- Try it:
Output the listing below verbatim, without images.

- Data supplied:
· · · · · · ·

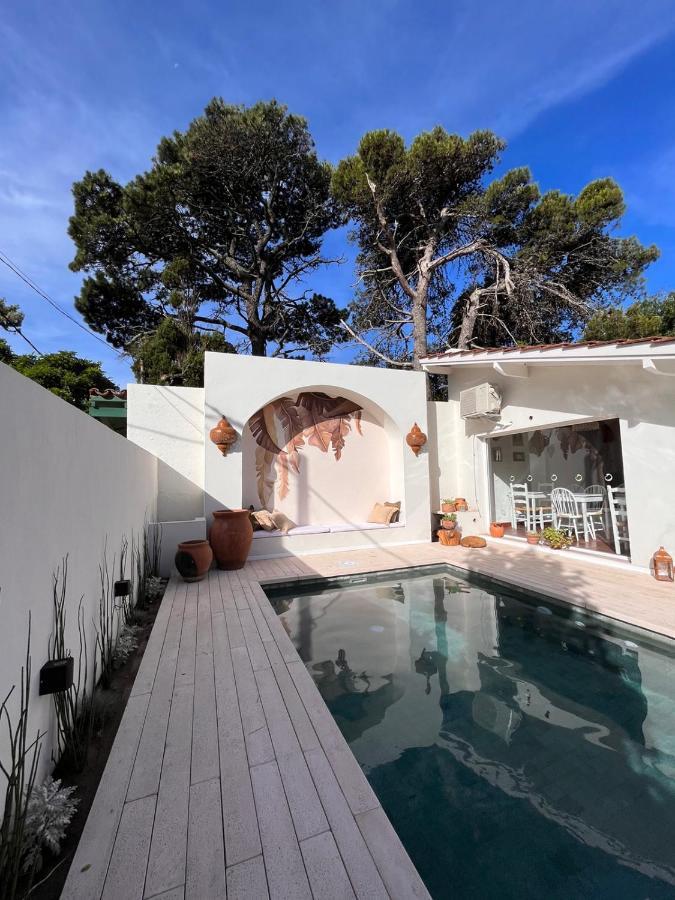 La Curva Casa De Playa Bed and breakfast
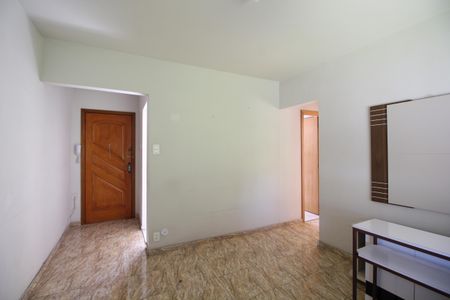 Apartamento à venda com 50m², 2 quartos e 1 vagaSala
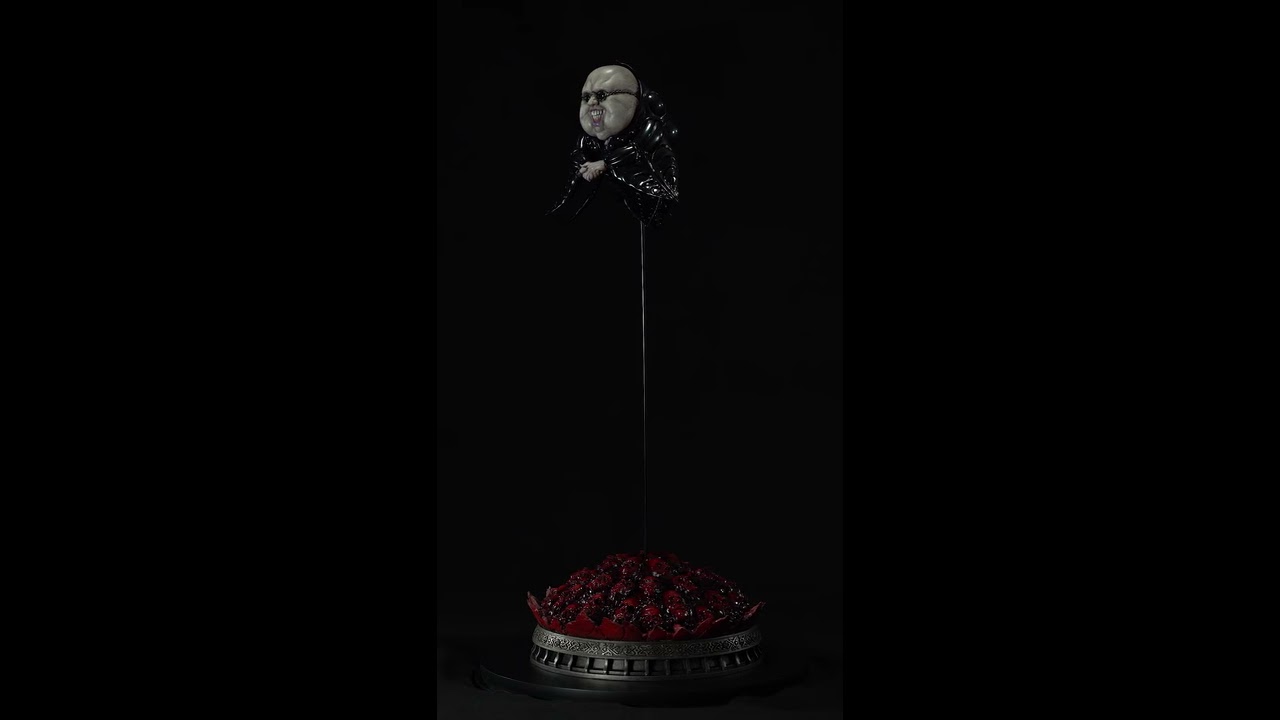 ユービック ベルセルク | スタチュー | プライム1スタジオ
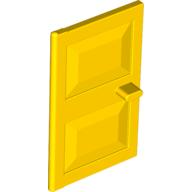 Door 1 x 4 x 5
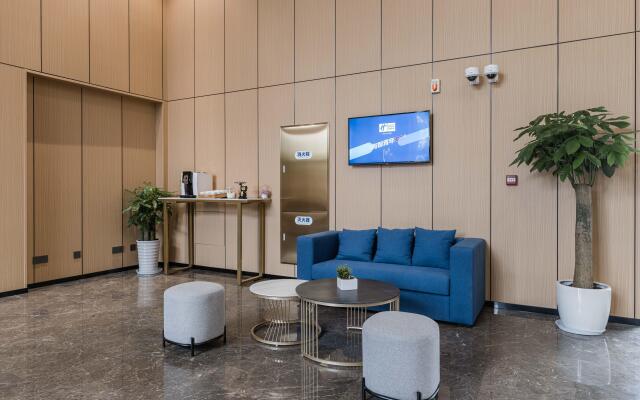 Holiday Inn Express Pudong Chuansha by IHG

· · · · · · ·

- Response box:
 La Curva Casa De Playa Bed and breakfast
 Apartamento à venda com 50m², 2 quartos e 1 vagaSala
 ユービック ベルセルク | スタチュー | プライム1スタジオ
 Door 1 x 4 x 5
 Holiday Inn Express Pudong Chuansha by IHG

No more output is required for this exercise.